Task to carry out: Below are records; reproduce exactly the lines from the first through the one containing "HIDEAWAY BEACH - Land".

Data for review:
----
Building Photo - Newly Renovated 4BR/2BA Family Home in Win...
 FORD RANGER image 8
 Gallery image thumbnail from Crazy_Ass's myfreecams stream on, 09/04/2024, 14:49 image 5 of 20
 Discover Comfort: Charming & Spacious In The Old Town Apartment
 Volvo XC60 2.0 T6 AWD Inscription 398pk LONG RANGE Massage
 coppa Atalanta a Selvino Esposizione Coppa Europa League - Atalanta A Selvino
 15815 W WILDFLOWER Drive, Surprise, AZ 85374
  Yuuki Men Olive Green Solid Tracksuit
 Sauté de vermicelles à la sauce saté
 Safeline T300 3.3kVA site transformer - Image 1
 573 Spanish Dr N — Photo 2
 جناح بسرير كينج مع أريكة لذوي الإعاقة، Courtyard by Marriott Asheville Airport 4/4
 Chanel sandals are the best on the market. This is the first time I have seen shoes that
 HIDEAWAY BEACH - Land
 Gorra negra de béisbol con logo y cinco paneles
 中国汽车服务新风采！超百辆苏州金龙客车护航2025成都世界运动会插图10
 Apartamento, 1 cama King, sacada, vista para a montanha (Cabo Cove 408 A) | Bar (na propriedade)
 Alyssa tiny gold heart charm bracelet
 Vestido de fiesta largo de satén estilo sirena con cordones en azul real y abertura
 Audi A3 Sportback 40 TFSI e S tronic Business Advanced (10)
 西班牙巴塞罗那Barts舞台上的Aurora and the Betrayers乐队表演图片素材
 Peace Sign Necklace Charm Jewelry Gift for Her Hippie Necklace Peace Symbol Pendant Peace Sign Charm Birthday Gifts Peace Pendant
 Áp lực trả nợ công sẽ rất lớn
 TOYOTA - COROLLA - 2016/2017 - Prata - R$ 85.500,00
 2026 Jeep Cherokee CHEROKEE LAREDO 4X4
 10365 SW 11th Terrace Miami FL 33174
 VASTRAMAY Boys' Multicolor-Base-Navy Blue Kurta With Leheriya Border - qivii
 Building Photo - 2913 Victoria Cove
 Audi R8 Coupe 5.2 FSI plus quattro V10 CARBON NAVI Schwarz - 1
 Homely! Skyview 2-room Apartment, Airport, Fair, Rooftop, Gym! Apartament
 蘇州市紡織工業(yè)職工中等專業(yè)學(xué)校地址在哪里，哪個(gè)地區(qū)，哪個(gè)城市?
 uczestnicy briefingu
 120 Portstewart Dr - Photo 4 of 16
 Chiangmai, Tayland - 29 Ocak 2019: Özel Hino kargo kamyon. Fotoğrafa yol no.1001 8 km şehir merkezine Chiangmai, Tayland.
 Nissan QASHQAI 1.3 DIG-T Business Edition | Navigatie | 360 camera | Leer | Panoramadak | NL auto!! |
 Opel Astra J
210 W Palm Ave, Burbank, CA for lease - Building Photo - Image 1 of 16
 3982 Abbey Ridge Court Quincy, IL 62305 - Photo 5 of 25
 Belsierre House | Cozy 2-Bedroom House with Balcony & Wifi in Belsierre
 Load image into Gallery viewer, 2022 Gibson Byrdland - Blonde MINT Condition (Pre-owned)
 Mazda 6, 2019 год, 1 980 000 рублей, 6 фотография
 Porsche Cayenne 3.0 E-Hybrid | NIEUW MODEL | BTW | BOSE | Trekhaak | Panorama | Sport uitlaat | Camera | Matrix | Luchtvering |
----
Solution to the exercise:
Building Photo - Newly Renovated 4BR/2BA Family Home in Win...
 FORD RANGER image 8
 Gallery image thumbnail from Crazy_Ass's myfreecams stream on, 09/04/2024, 14:49 image 5 of 20
 Discover Comfort: Charming & Spacious In The Old Town Apartment
 Volvo XC60 2.0 T6 AWD Inscription 398pk LONG RANGE Massage
 coppa Atalanta a Selvino Esposizione Coppa Europa League - Atalanta A Selvino
 15815 W WILDFLOWER Drive, Surprise, AZ 85374
  Yuuki Men Olive Green Solid Tracksuit
 Sauté de vermicelles à la sauce saté
 Safeline T300 3.3kVA site transformer - Image 1
 573 Spanish Dr N — Photo 2
 جناح بسرير كينج مع أريكة لذوي الإعاقة، Courtyard by Marriott Asheville Airport 4/4
 Chanel sandals are the best on the market. This is the first time I have seen shoes that
 HIDEAWAY BEACH - Land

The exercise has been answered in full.